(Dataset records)

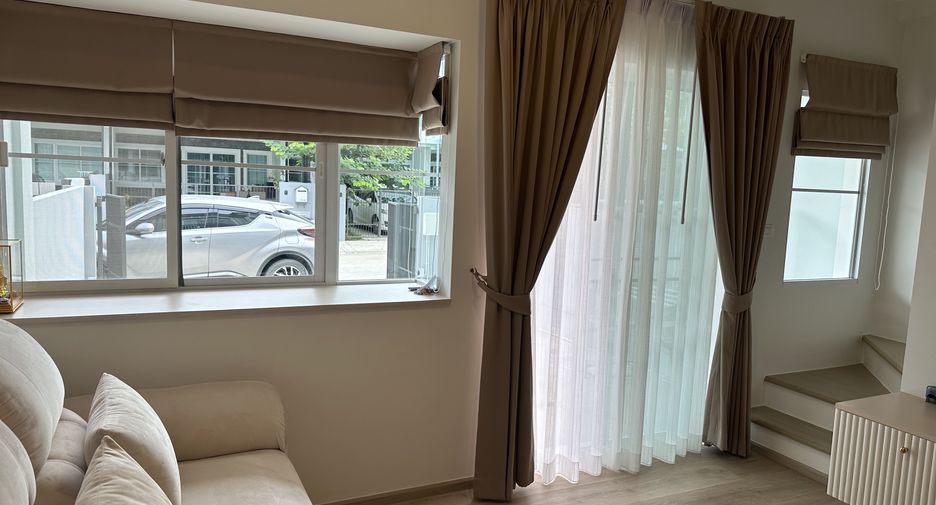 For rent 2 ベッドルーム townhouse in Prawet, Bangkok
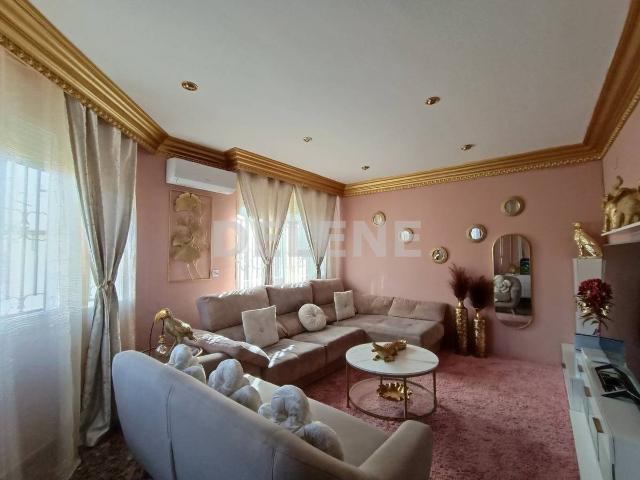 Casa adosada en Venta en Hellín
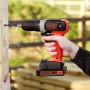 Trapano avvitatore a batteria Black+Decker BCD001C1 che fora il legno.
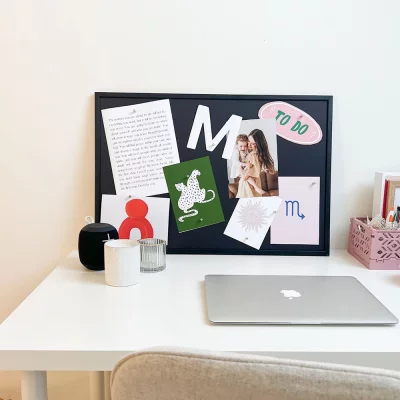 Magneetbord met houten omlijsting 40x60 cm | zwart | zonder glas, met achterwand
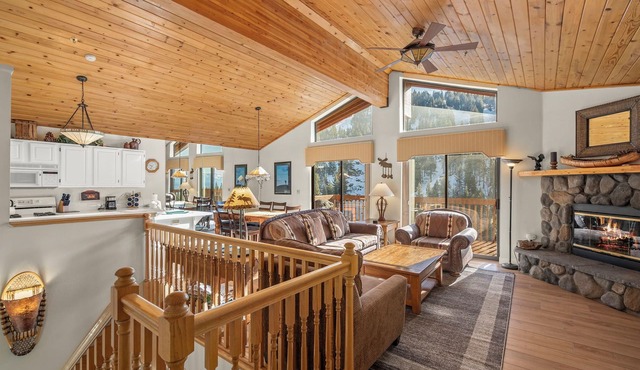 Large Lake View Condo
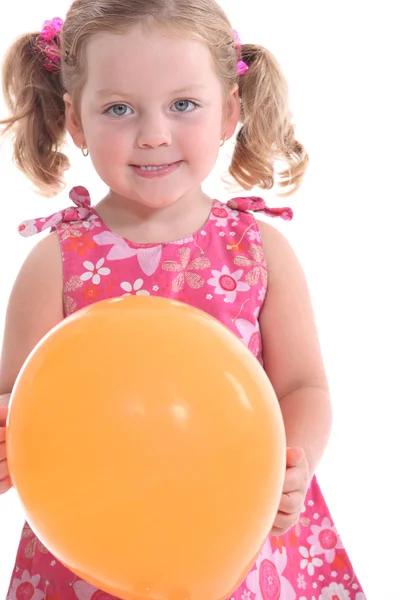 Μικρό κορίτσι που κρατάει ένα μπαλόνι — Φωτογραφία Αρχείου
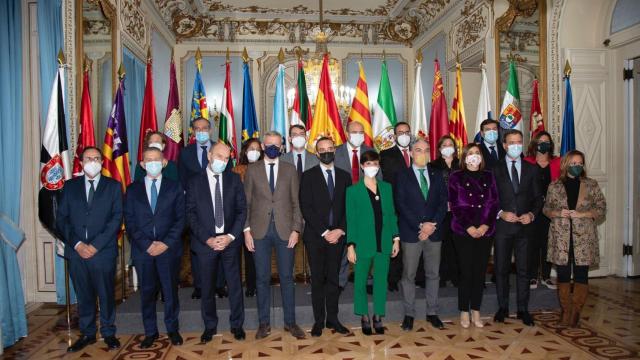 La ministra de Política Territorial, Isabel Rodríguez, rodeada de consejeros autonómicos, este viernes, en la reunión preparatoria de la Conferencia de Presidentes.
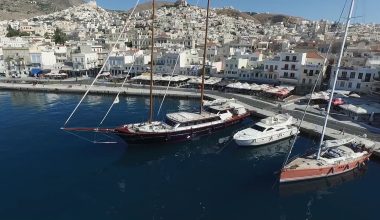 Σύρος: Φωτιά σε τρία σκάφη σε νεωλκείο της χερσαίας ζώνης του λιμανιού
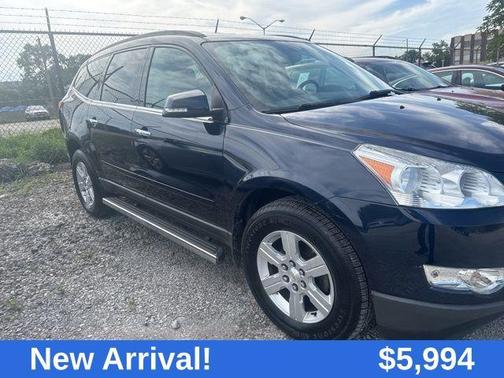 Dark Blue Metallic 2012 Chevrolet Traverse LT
* * *
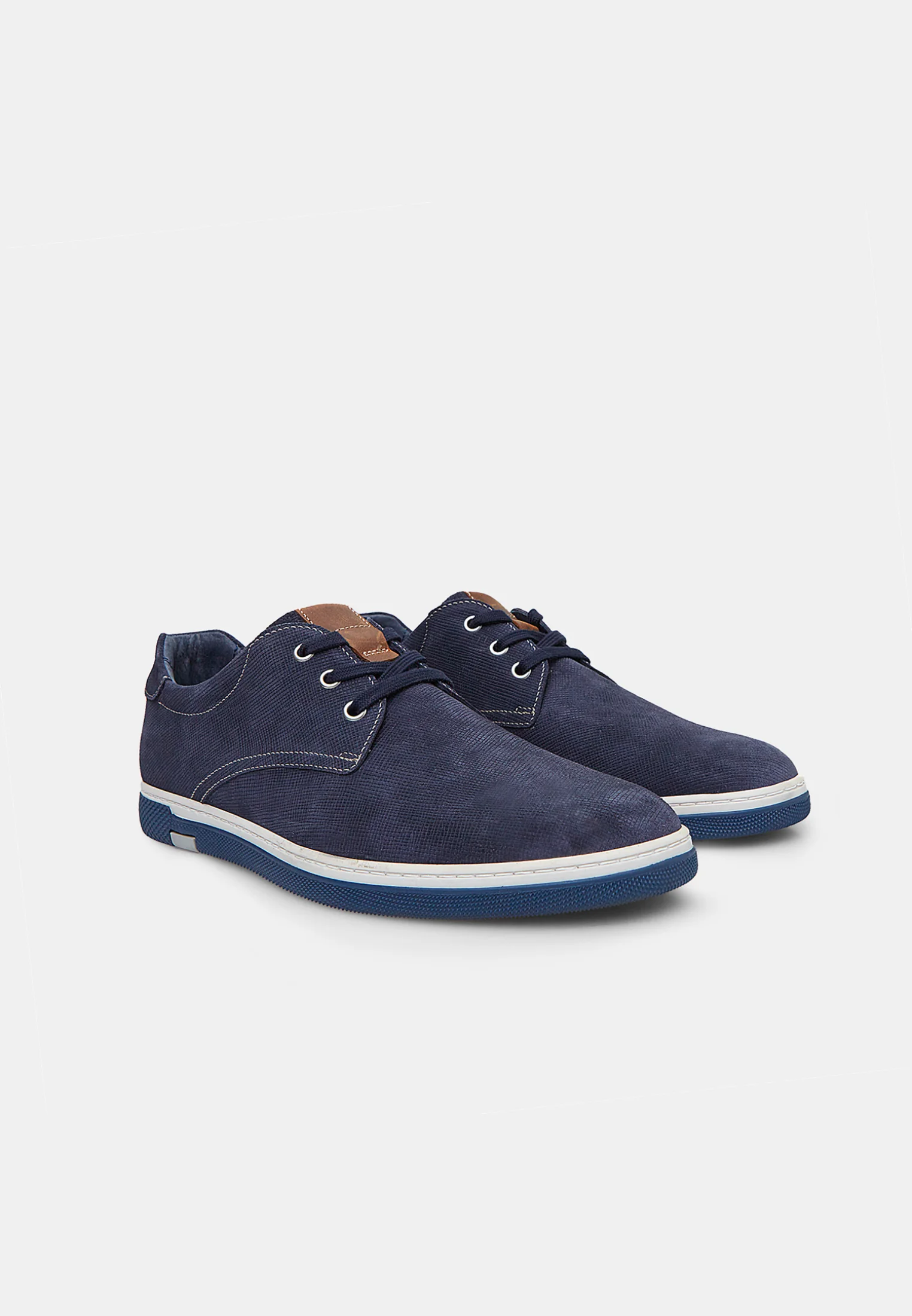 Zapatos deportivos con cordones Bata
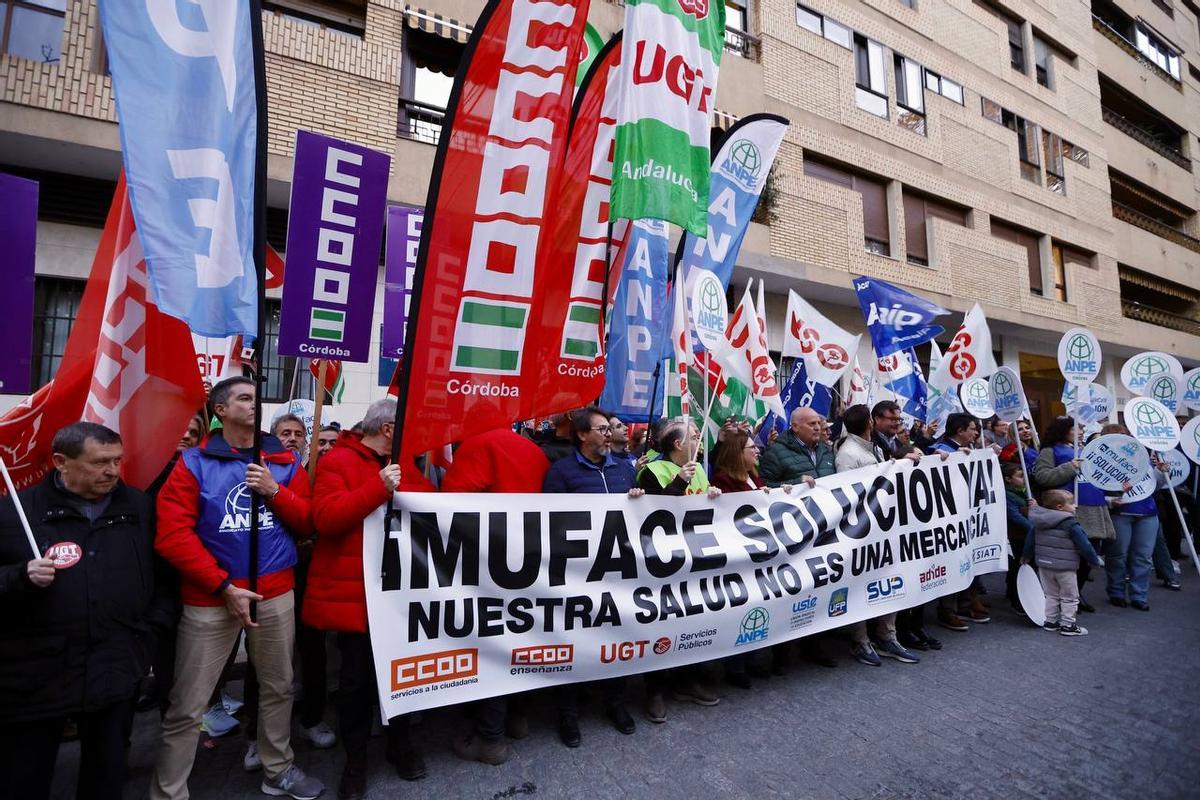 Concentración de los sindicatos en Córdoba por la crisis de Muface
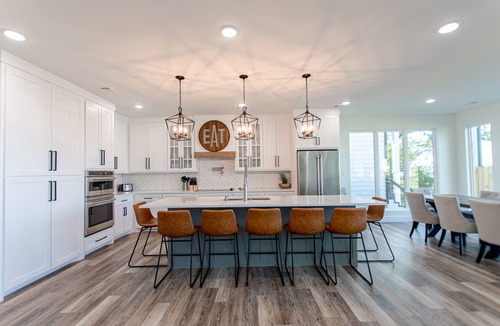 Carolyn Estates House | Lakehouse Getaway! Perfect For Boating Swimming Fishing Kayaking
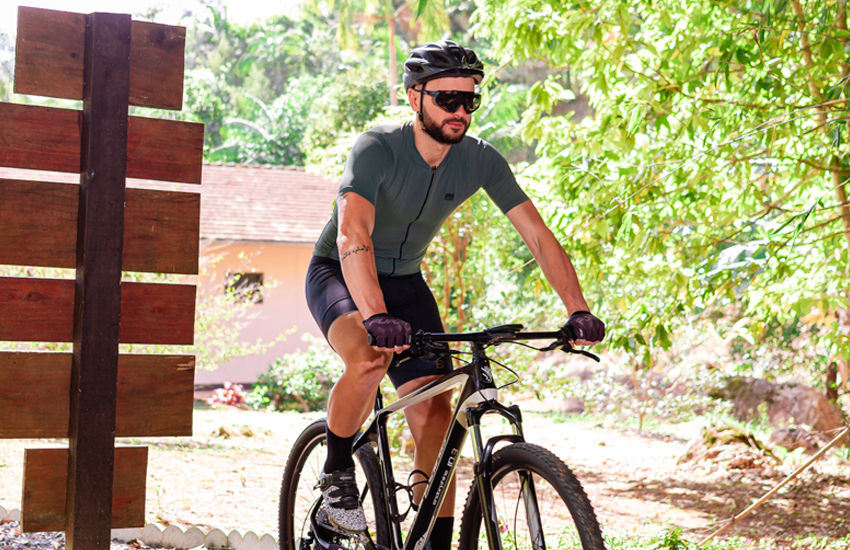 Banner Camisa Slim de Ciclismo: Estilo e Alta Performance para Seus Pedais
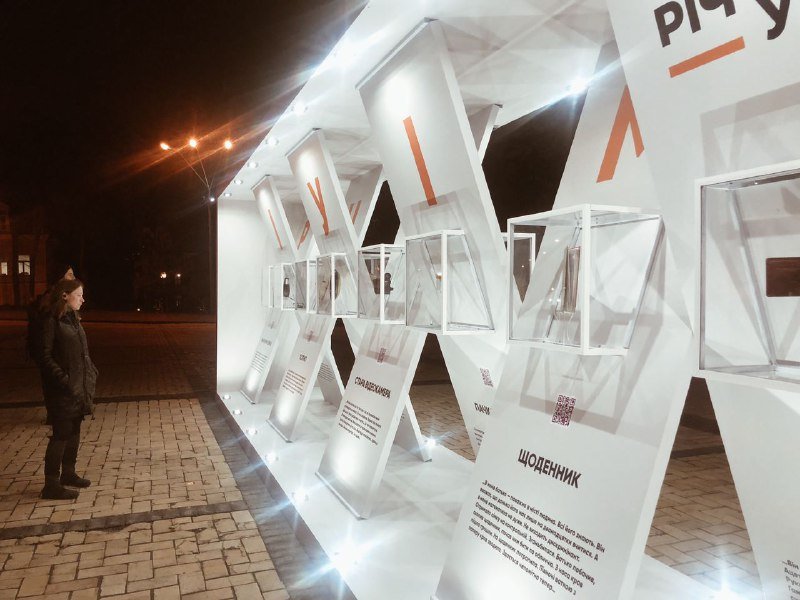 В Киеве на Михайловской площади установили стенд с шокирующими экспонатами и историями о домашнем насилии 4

(AIM OF THE EXERCISE)
Could you output exactly the lines above, from the line with "La ministra de" up to and including the line with "Dark Blue Metallic", and nothing else, skipping the pictures?

(SOLUTION TO THIS PROBLEM)
 La ministra de Política Territorial, Isabel Rodríguez, rodeada de consejeros autonómicos, este viernes, en la reunión preparatoria de la Conferencia de Presidentes.
 Σύρος: Φωτιά σε τρία σκάφη σε νεωλκείο της χερσαίας ζώνης του λιμανιού
 Dark Blue Metallic 2012 Chevrolet Traverse LT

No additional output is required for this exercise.